CSA (sulphoaluminate cement) has been widely used in many rapid repair projects because of its fast setting and hardening, high early strength, and good corrosion resistance [13,14]. The later performance of this cement is nevertheless unstable and limited in use [15,16]. Relevant research indicates that [17,18] stabilising the development of later strength can be achieved by adding an appropriate amount of OPC (ordinary Portland cement) to CSA. Therefore, the CSA–OPC composite system is often used in the repair of concrete buildings in sulphate areas and the anti-corrosion of marine concrete buildings [15]. However, the effect is still not ideal after using this material for repairing concrete projects with severe sulphate corrosion [19,20].
The incorporation of mineral admixtures into OPC, according to previous studies, can significantly improve the later strength and durability of cement-based materials, such as impermeability, frost resistance, and sulphate corrosion resistance [21,22]. Due to the low alkalinity of CSA, mineral admixtures cannot be effectively employed in sulphoaluminate cement-based materials, and they only play a filling role [23]. Even though some studies have suggested that mineral admixtures might enhance the pore structure of CSA [24], the ettringite in the CSA system is easily decomposed in low alkalinity environments, and the pozzolanic activity of admixtures is difficult to be stimulated in these conditions [25].
Ding et al. [26] studied that ground granulated blast furnace slag, fly ash, and silica fume can improve the sulphate resistance of the CSA–OPC composite system to varying degrees, but the incorporation of mineral admixtures will decrease the mechanical properties of mortar to varying degrees. The method of combining a composite salt-dry–wet cycle with semi-immersion was used by Zhang et al. [27] to simulate the saline soil erosion environment.

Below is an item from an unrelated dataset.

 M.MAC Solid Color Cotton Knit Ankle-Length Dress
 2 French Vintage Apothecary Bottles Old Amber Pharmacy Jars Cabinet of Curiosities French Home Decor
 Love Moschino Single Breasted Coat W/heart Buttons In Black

It was concluded that nano-SiO2 and appropriate slag could improve the compactness of mortar and enhance the corrosion resistance of the CSA–OPC composite repair mortar to saline soil. Atahan et al. [28] claimed that both ground granulated blast furnace slag and nano-SiO2 considerably reduced the expansion caused by sulphate attack and enhanced the resistance to it, but only a small amount of 2% nano-SiO2 could improve the resistance to sulphate attack of the composite system. As a result, the components of repair materials for saline soil environments should be designed.
Quicklime is abundant, easy to obtain, and relatively inexpensive, and its alkalinity will not only stimulate the mineral admixtures in the repair system, but likewise improve the overall alkalinity of the repair system and offers a good alkaline environment for the stable existence of the main hydration product ettringite in the repair system [29,30]. However, the sulphate corrosion performance of quicklime on composite systems is not yet clear.
As a result, the effects of quicklime on the setting time, mechanical properties, and sulphate resistance of CSA–OPC–ground granulated blast furnace slag (SPB) and CSA–OPC–silica fume (SPF) composite systems were systematically examined in this paper. The hydration products and micro-morphology were analysed using X-ray diffractometry, thermogravimetric, scanning electron microscopy, and mercury intrusion. A thorough explanation of the influence mechanism of quicklime on its mechanical properties and sulphate resistance was given. In addition to providing a feasible design ratio of repair materials for concrete repair projects affected by sulphate erosion, it also offers a theoretical basis for the engineering application of quicklime modified CSA–OPC–mineral admixture repair system in a sulphate erosion environment.

2. Materials and Methods

2.1. Raw Materials

The raw materials were OPC type P·O 42.5, produced by Conch Cement Co., Ltd. produced in Xi’an, China and Shili CSA produced in Dengfeng City, China (CSA 42.5). The components of cement and mineral admixtures are analyzed using XRF. The chemical composition and physical properties of the OPC and CSA are listed in Table 1 and Table 2, respectively. The ground granulated blast furnace slag (GGBS) and silica fume (SF) was purchased from Gongyi Longze Water Purification Material Co., Ltd. produced in Tianjin. The chemical composition of the GGBS and SF are listed in Table 1. Quicklime produced by Tianjin Zhiyuan Chemical Reagent Co., Ltd. born in Zhengzhou, China (CaO content over 98%), and naphthalene superplasticizer (BNS) provided by Shaanxi Longsheng Building Materials Co., Ltd. produced in Xi’an, China Yellow powder form with a water reduction rate of 20%; the sand used was washed river sand from Hanzhong with a fineness modulus of 2.6. The test water is purified tap water in the laboratory.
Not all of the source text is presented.